3. Clayton Kershaw to regain his velocity
A lot of people probably forget that Clayton Kershaw is only 30 years old. For pitchers, Kershaw should be right in his prime and for his level of elite status, should have at least four more years of prime Kershaw left in him.
While he certainly is still effective, he is no longer the same Kershaw that he was a few years ago. Kershaw’s peak (thus far) came in 2014, where he won the National League MVP after tossing 198.1 innings to the tune of a 1.77 ERA.
Kershaw overcame a slow start in 2015 to still finish the season with a career-high 33 starts and 2.13 ERA. That is a career year for anyone not named Clayton Kershaw and would have warranted the Cy Young if it wasn’t for Jake Arrieta and Zack Greinke‘s insane years.

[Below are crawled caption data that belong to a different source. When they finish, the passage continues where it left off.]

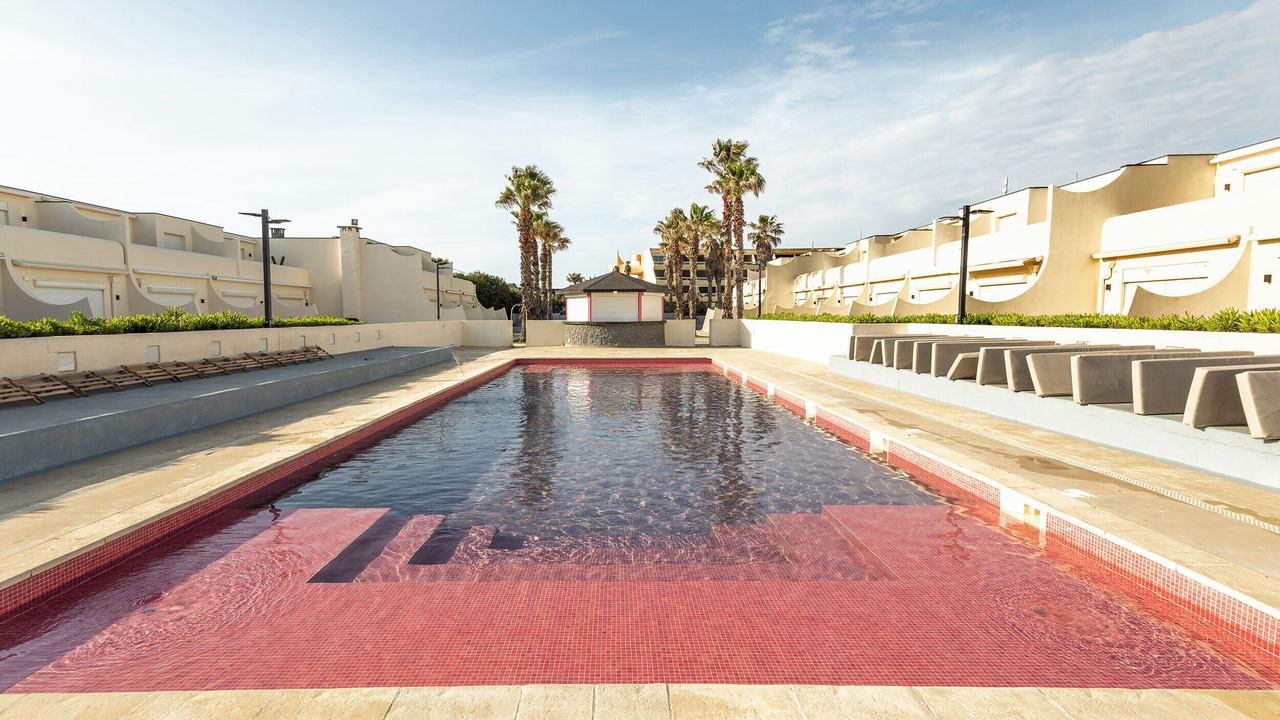 Photo of Outdoor in Naturist Village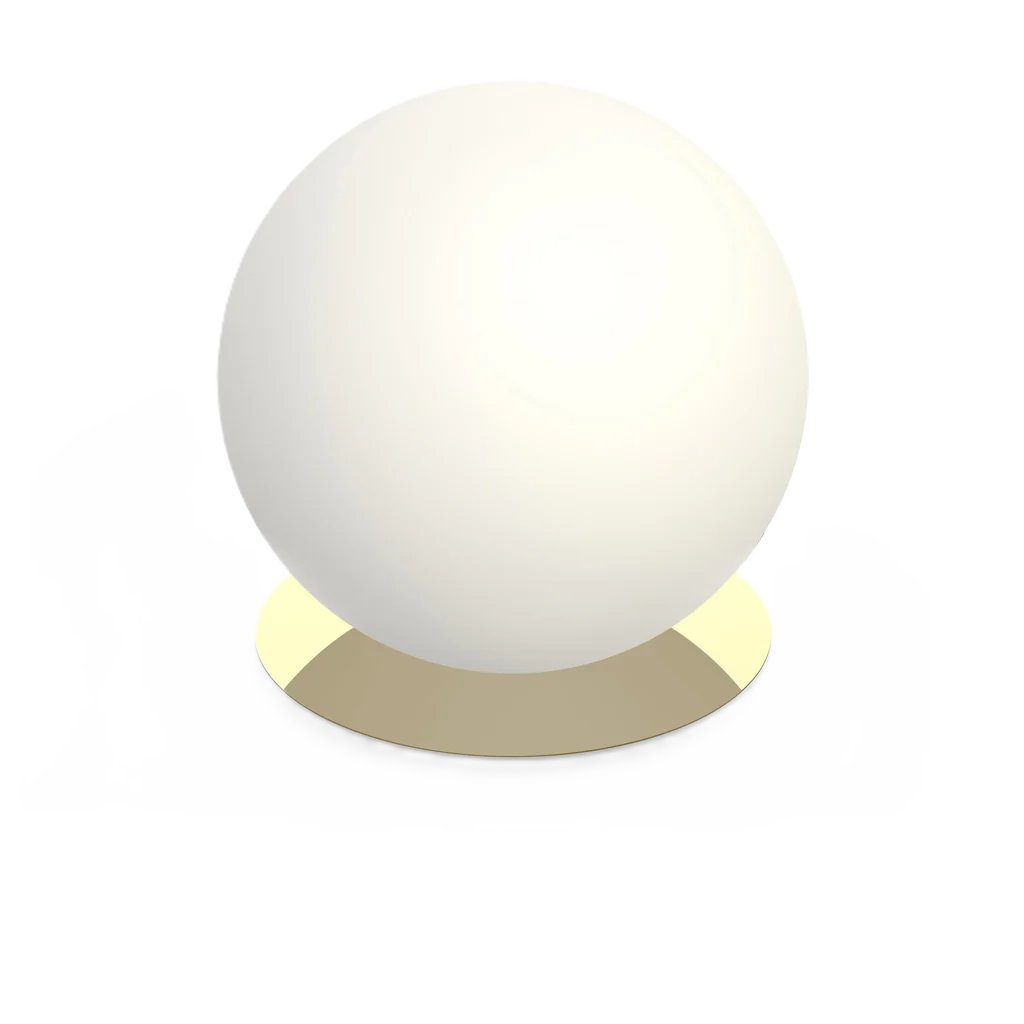 Bola Sphere Table
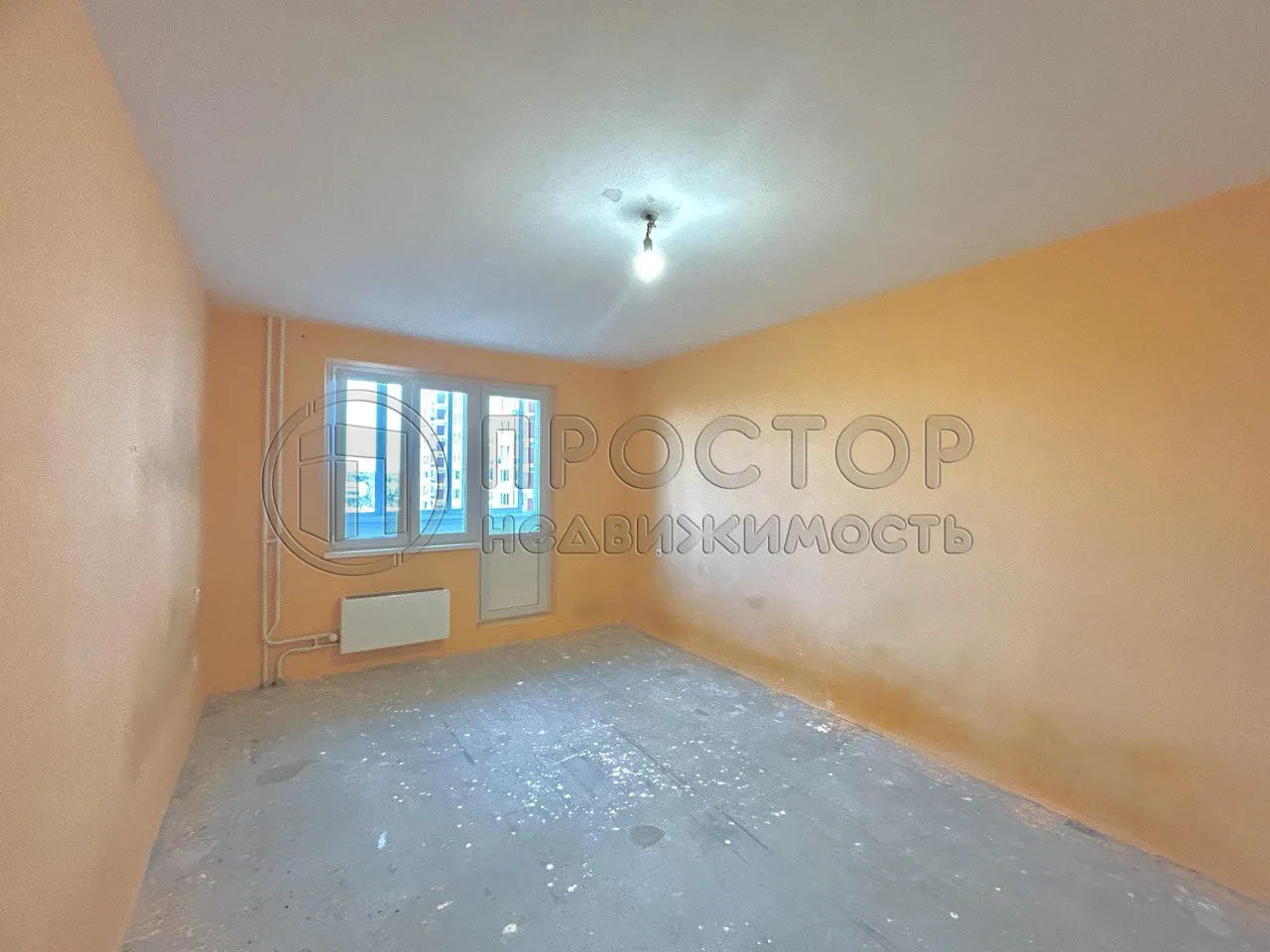 1-комнатная квартира, 40 м² - фото 8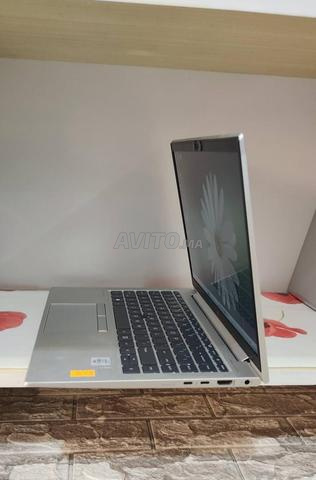 HP EliteBook 840 G7-TACTILE Core i5-10310U 2020 - 2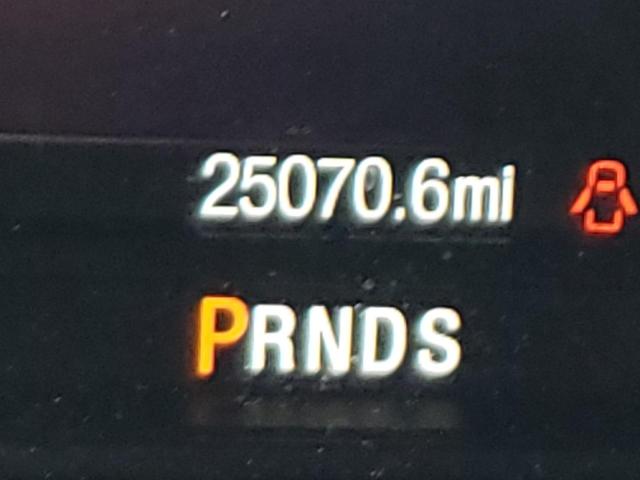 Photo 8 from auction – 2020 LINCOLN MKZ with VIN 3LN6L5B96LR608504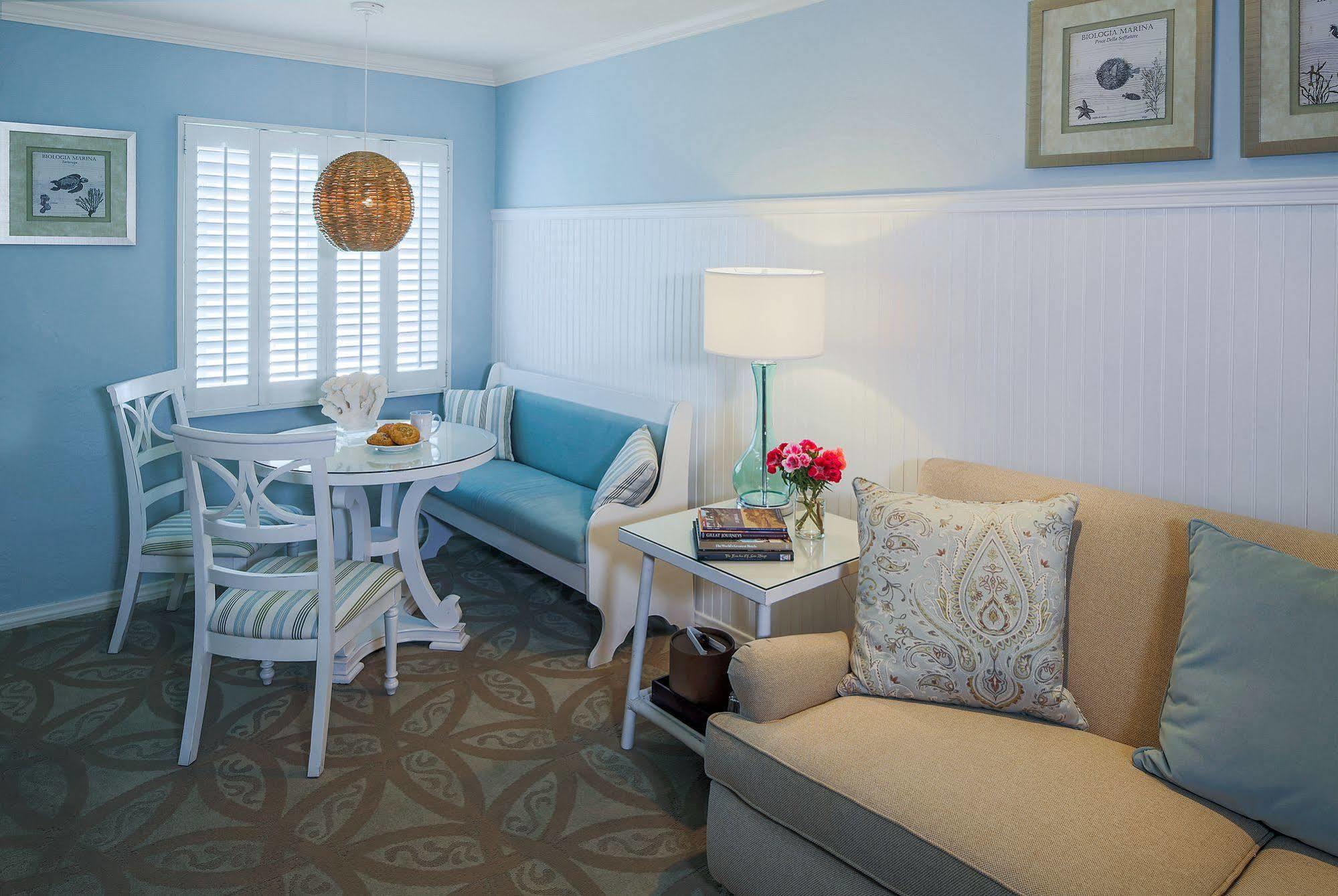 Scripps Inn San Diego Eksteriør bilde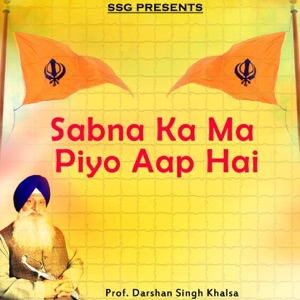 Mere Mann Anand Bhaya Meri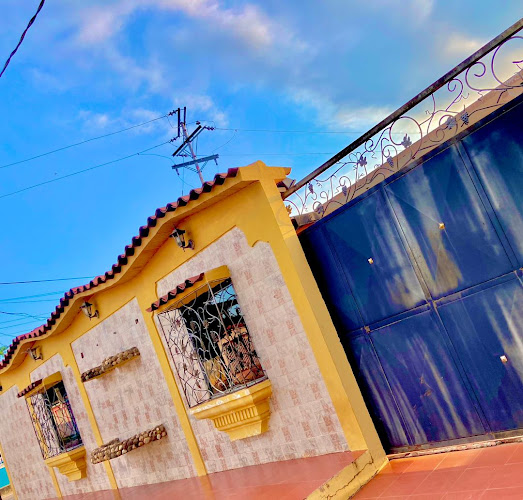 Posada Turistica La Puerta Del Zulia, C.A.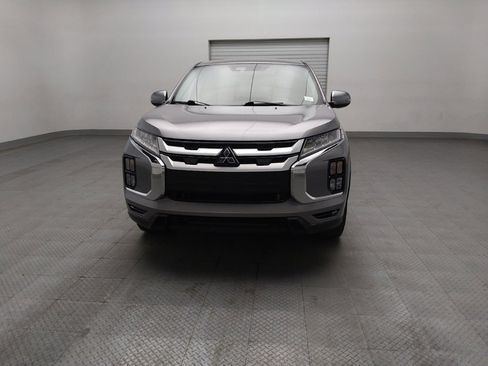 Used 2021 Mitsubishi Outlander Sport SE AWD/4WD image 15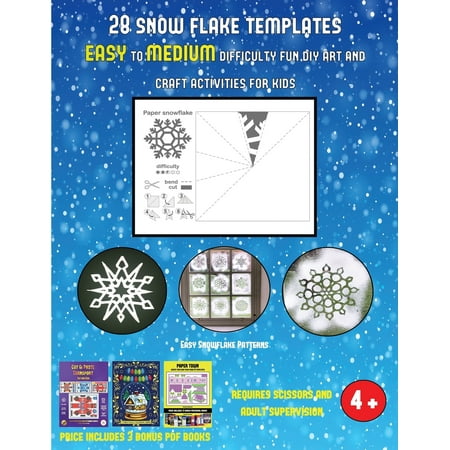 Paper Snowflake Templates Free Printable Templates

Kershaw was great the following year but that is when the problems started to kick in. Despite having a career-best 1.69 season ERA, Kershaw made just 21 starts and started his injury-filled journey to where he is now; boasting a fastball that is five to six miles per hour slower than it was before.
That has changed the way that Kershaw pitches and has made him more susceptible to the long ball. While Kershaw was still effective last year (2.73 ERA) he is not the same Kershaw that we know and love, mostly because of that velocity.
We don’t expect Kershaw to be pumping above 95 consistently but if he could even get his fastball in the 93-95 range, every single pitch, I would be more than happy. Hopefully, he can stay healthy and prove to us that he still has a lot left in the gas tank.